The details of the calculations that lead to these results will be given
elsewhere\cite{Bahcall93}; only the physical ideas and the principal
observational consequences
will be summarized here (for background material,
see\cite{Bahcall89}).

The reaction in question is
\begin{equation}
e^- + ^7{\rm Be}\  \to\ ^7{\rm Li} + \nu_e\ .
\label{capturereaction}
\end{equation}
Reaction (\ref{capturereaction}) occurs
in about 15\% of the terminations of the
proton-proton chain fusion reactions in standard solar
models.
In the interior of the sun, most
of the electrons are captured from
continuum states.
The reaction produces a line because the recoiling nucleus takes up a
significant amount of momentum but only a negligible amount of energy.
I consider here only the experimentally more-accessible transition to the
ground state of $^7$Li.

The average energy of the solar neutrino line is larger
than for the corresponding laboratory decay because electrons and ${\rm ^7Be}$
ions move with appreciable kinetic energies at the high
temperatures ($\approx 1$~keV) characteristic of the solar interior.
The average energy difference between neutrinos emitted in solar and in
laboratory decays reflects the temperature profile in the center of the
sun and is determined primarily by the center-of-momentum thermal energy of
the continuum electrons and of their capturing ${\rm ^7Be}$ nuclei,
by the Doppler shifts of
the ${\rm ^7Be}$ ions, by the fraction
of electron captures that occur from
bound orbits rather than from continuum orbits, and by the difference in
atomic binding energies between solar and laboratory conditions.
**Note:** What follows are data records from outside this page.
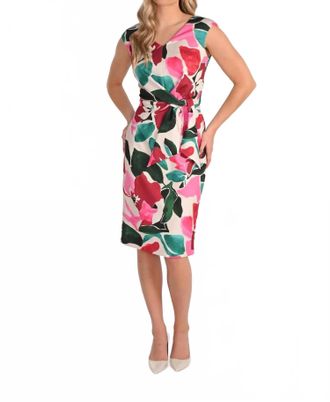 Frank Lyman Design Sleeveless Floral Sheath Dress In Pink/ocean Green
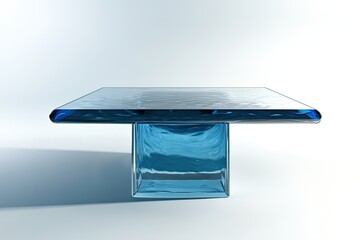 table from glass isolated on white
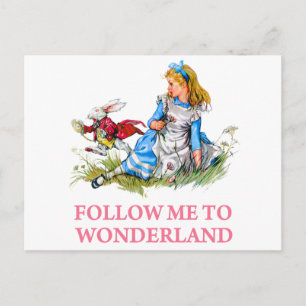 Volg mij - ik neem je mee naar Wonderland! Briefkaart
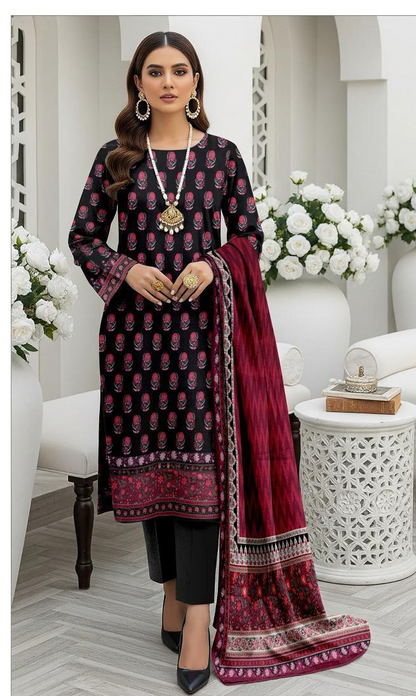 Mausummery,digital lawn shirt, plain dyed trouser,lawn dupatta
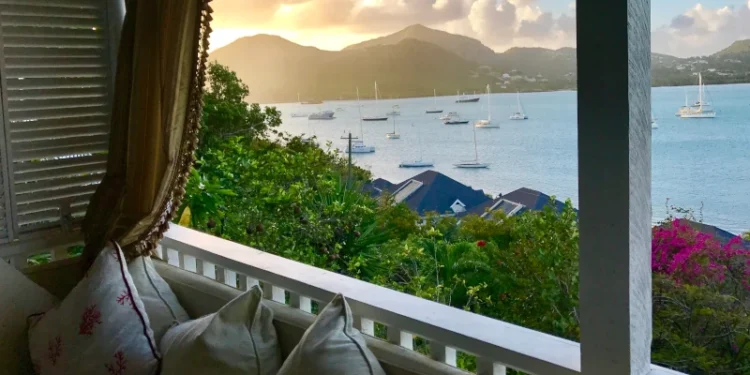 Sunset View from Luxury open air cottage overlooking English Harbour, Antigua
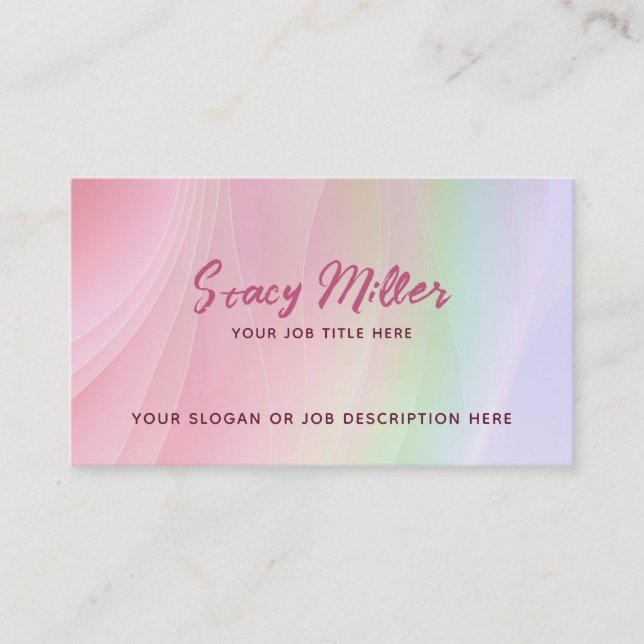 Customisable Rainbow Pastel Business Cards (Front)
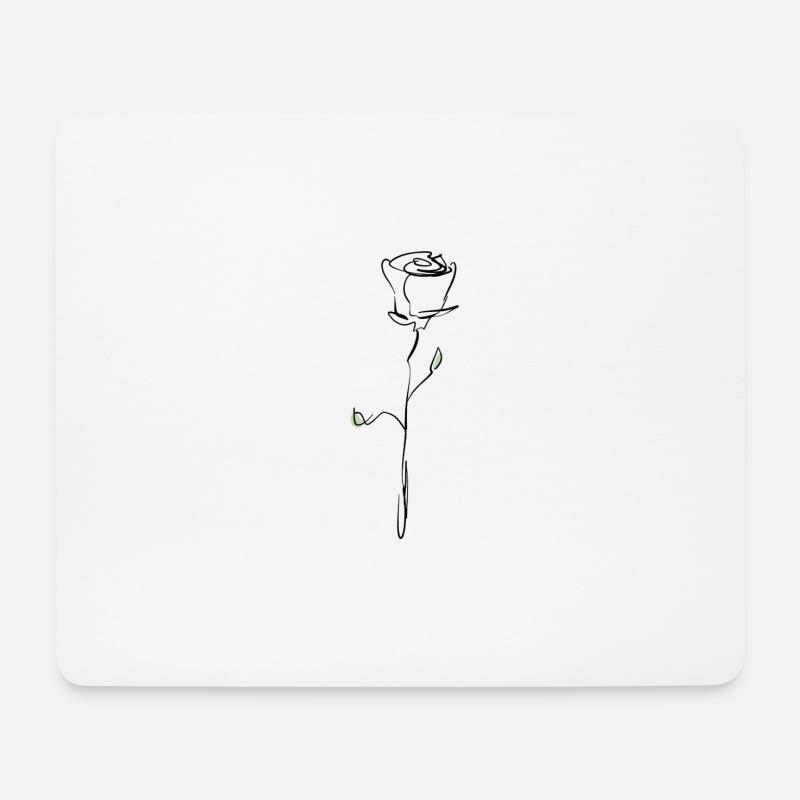 Weiße Rose mit schwarzer Kontur - Mousepad (Querformat) - Weiß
The average shift, $\Delta$, in the neutrino energy, $q$,
between $^7$Be neutrinos emitted in the sun and $^7$Be neutrinos emitted
in the laboratory is\cite{Bahcall93}


\begin{equation}
\Delta\ \equiv \Bigl\langle q - q_{\rm lab}\Bigr\rangle = \left(1.29
 \pm 0.01 \right)\ {\rm keV}
\label{Deltadefinition}
\end{equation}
for three precise, recently-calculated\cite{Bahcall88} solar models
(constructed with and without including helium diffusion).

The energy shift, $\Delta$, is approximately equal to
the average temperature of the
solar interior weighted by the fraction of $^7$Be neutrinos that are
produced at each temperature\cite{Bahcall93}, \hbox{i.e.}
$\int_\odot dTT d\phi({\rm ^7Be}, T)/\int_\odot dT d\phi({\rm
^7Be}, T)$, where $d\phi({\rm ^7Be},T)$ is the flux of $^7$Be
neutrinos produced at the temperature $T$.
The $^7$Be neutrinos are
produced in the inner few percent of the solar mass,
75\% in the region $\left(0.04 \pm 0.03 \right)M_\odot$.
Therefore,  a measurement of the energy shift is a
measurement of the first moment of the
central temperature distribution of the sun.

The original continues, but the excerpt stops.